The modern way to report profile statistics about an application (any application, not just Spark or Java application) is generating a single .SVG file called "flame graph". Since this is a regular vector graphic format, the file can be opened in any browser. Moreover, you can navigate between different stack frames by clicking on them, and even search for a symbol name by clicking on "Search" link.


This is how sample flame graph looks like:
The y-axis shows the stack depth while the x-axis shows time spent in a stack frame.

In order to generate flame graphs, there are two mandatory processes usually:
  • Capture stack traces from a running process, and dump them to disk. 
  • Parse these stack traces, and generate .SVG file. 
For Java based applications it stack traces can be gathered using commercial features of Oracle JDK (using -XX:+FlightRecorder option).
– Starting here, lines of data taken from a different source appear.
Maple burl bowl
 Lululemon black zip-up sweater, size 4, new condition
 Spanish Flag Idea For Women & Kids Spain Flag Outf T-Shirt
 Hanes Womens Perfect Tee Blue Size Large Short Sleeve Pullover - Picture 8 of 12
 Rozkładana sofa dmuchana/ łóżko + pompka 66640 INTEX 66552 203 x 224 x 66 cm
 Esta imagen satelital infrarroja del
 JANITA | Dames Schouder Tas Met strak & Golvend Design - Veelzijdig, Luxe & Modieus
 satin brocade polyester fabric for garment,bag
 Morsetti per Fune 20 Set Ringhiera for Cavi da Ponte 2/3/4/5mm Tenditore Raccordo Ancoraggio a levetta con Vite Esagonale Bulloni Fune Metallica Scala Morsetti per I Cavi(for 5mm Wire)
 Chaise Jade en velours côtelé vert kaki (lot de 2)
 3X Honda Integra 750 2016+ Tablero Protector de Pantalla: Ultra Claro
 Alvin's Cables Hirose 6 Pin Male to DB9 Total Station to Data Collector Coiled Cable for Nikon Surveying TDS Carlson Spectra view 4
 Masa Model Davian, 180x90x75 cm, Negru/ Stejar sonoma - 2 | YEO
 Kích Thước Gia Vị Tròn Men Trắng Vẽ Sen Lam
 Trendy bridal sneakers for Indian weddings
There's an article that explains how to profile Spark applications using this option.

In OpenJDK this feature is not available, but luckily there are other options. Once of them is using statsd JVM profiler library from Etsy. This library integrates as agent into JVM, gathers statistics like CPU or memory usage, and send it to statsd server in real time. Apparently, this library supports reporting to InfluxDB as well .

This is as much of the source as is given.